Another development he showed was a control display developed by printed electronics company Schreiner PrinTronics (previously called Schreiner VarioLight). This is one of various solutions intended to reduce the large number of car exterior and interior lights which account for 5% of overall car costs. Fiat is also looking at various hydrophobic and anti-glare interior surface solutions.

Kat Rawlings, materials engineer at Jaguar Land Rover (JLR), revealed the group is working with UK-based 3form to use its Vario Ecoresin materials in car interiors.Buy Joan Rivers crystal mosaic Stretch Bracelet. In this collaboration, natural materials encapsulated in 40-55% post consumer/industrial recycled PET are being used in personalised, designed-to-order decoration of door and instrument panels and central consoles. The materials include grass, wood, leaves, poppy seed, seaweed and also incorporate images and prints.

Tim Wright, R&D director at decorative film producer MacDermid Autotype, based in the UK, presented an update on textured surfaces. Different textures can be produced by nano replication on hard coated films.

Wright said MacDermid Autotype has 30 years’ experience with “incredibly precise” nano replication. “No one could find any difference between tooling and coated film surfaces,” he said.

Advantages over particle-filled solutions include better light dispersion and superior colour saturation.

Tool cost and formability are still challenges. The limited reagent resistance of coatings on PC and PMMA films means there is “a major opportunity” for PET to be used more in auto interiors, Wright said. Currently, oriented PET (OPET) is “not used extensively in the auto industry,When I first started creating broken china mosaic. [but] we are promoting its use”, he said.

Wright presented new P1031 nano-replicated surface films. Discussing preferences in surfaces,We mainly supply professional craftspeople with wholesale turquoise beads from china. he observed that the Asian market wants lined, low haze and velvet structures, while the US favours brushed, anti-glare, fine and matt surfaces.

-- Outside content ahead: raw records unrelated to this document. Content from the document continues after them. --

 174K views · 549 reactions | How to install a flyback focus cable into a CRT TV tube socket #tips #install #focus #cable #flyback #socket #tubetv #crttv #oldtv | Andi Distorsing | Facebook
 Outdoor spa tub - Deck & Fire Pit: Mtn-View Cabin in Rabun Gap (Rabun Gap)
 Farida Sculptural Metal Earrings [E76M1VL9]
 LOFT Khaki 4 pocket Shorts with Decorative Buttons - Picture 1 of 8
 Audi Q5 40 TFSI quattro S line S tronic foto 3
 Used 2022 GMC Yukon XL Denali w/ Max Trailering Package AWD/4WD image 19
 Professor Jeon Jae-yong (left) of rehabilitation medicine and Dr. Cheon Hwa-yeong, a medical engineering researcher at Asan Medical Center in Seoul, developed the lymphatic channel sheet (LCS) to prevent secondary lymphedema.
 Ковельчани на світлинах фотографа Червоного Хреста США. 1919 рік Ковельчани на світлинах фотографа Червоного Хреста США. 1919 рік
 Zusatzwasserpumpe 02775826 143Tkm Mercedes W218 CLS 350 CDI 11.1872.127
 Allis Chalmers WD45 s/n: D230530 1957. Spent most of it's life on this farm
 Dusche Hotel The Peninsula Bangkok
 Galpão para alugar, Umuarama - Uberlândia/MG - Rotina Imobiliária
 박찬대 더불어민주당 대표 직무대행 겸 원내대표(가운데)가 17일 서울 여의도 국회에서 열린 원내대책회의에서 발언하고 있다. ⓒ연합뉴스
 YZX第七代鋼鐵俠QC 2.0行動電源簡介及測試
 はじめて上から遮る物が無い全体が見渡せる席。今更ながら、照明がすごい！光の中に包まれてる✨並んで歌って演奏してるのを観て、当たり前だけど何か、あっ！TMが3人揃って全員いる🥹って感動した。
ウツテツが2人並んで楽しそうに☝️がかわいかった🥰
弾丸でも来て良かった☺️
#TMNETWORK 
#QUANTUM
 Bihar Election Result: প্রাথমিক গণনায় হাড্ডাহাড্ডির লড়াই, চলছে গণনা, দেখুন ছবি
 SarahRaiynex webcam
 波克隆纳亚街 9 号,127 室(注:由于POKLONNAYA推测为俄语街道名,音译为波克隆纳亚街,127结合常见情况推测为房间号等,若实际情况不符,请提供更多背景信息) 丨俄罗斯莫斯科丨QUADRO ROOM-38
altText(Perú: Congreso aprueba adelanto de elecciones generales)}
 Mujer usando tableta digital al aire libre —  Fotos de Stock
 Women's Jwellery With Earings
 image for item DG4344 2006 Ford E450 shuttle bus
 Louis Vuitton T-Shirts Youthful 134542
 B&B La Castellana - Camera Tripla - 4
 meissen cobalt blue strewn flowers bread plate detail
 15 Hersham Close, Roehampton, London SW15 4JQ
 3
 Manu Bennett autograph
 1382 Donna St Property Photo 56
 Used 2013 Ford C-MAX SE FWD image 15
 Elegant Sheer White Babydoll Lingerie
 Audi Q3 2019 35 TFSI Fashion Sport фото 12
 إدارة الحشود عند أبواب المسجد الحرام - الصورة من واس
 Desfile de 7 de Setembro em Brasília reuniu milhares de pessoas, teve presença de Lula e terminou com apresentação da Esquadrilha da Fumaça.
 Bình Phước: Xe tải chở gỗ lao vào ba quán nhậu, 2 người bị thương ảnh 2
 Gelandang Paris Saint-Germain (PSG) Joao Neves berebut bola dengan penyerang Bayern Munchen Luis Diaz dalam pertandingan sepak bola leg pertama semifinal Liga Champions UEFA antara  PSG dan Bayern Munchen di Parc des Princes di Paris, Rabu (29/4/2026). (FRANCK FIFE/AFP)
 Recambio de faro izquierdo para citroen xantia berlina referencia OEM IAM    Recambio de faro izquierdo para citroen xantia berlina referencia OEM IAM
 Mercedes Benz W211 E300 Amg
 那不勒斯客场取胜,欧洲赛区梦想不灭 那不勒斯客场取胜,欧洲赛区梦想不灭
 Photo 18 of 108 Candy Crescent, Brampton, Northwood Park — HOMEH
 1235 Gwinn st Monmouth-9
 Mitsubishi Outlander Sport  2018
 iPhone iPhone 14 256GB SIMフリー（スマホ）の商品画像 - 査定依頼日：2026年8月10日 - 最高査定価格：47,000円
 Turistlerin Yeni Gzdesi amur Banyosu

A new AutoForm Low Haze AG (anti-glare) nano-replicated film has low 3% haze and good black retention for an automotive central console display which Wright said was in qualification trials with a major Tier 1 automotive supplier.

By the end of 2013, MacDermid Autotype expects to make commercially available anti-reflection (AR) products which use nano-replicated moth-eye surface structures and a “novel nano material”. These are aimed at the “holy grail” of low cost AR substitutes for the current “very expensive multilayer coatings”. Wright noted, however, that fingerprinting remains a problem on AR surfaces as much as on high gloss surfaces.

Wright showed a previous application of printed texture - the housing of Bushnell’s Onyx 350 hand-held GPS device made with XtraForm polycarbonate film and a blend of two out of four available Aquatex lacquers to obtain a defined precise surface.

P1006 solvent-based texturing varnish is available this year as a successor to Aquatex. This has similar rheology to printing inks, enabling good printability. Texture is printed on a flat surface, which is then formed to the required shape and the ink is cured.Bottle cutters let you turn old glass mosaic and wine bottles into bottle art! UV curing is applied after moulding for the final finish.